→ **What the task requires**: Set out exactly every line of the entries below, starting at the line that holds "西安石油大学山西2024分数线参考" and stopping after the line that holds "Bug Insect Science".

== Task material ==

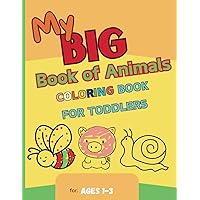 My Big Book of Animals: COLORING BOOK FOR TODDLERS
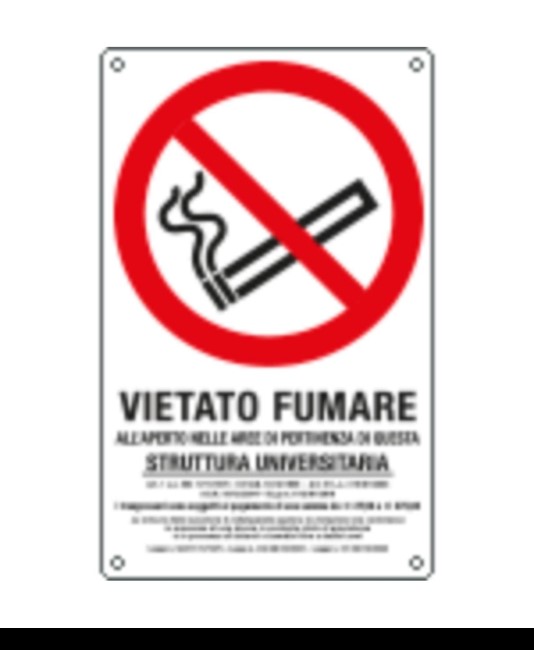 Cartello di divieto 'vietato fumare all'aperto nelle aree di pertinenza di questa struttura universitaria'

===
== Task material ==

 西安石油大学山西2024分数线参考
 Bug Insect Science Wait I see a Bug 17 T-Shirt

===
== Task material ==

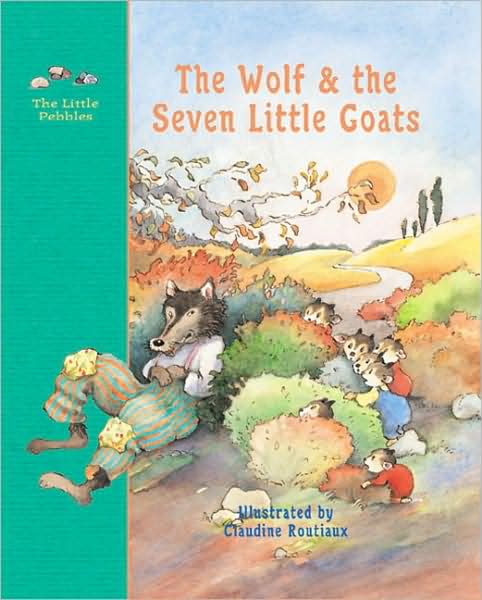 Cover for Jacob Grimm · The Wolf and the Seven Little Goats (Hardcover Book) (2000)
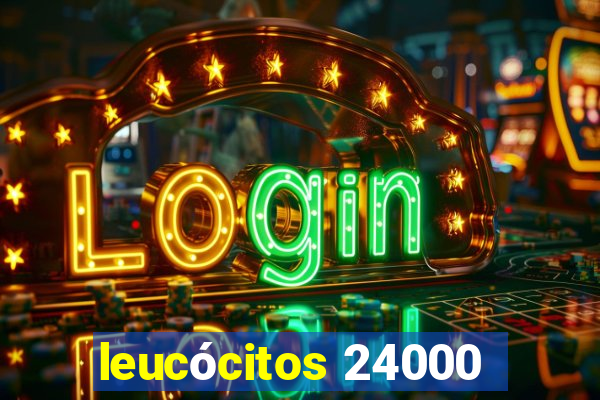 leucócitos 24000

===

→ **Solution to this exercise**:
 西安石油大学山西2024分数线参考
 Bug Insect Science Wait I see a Bug 17 T-Shirt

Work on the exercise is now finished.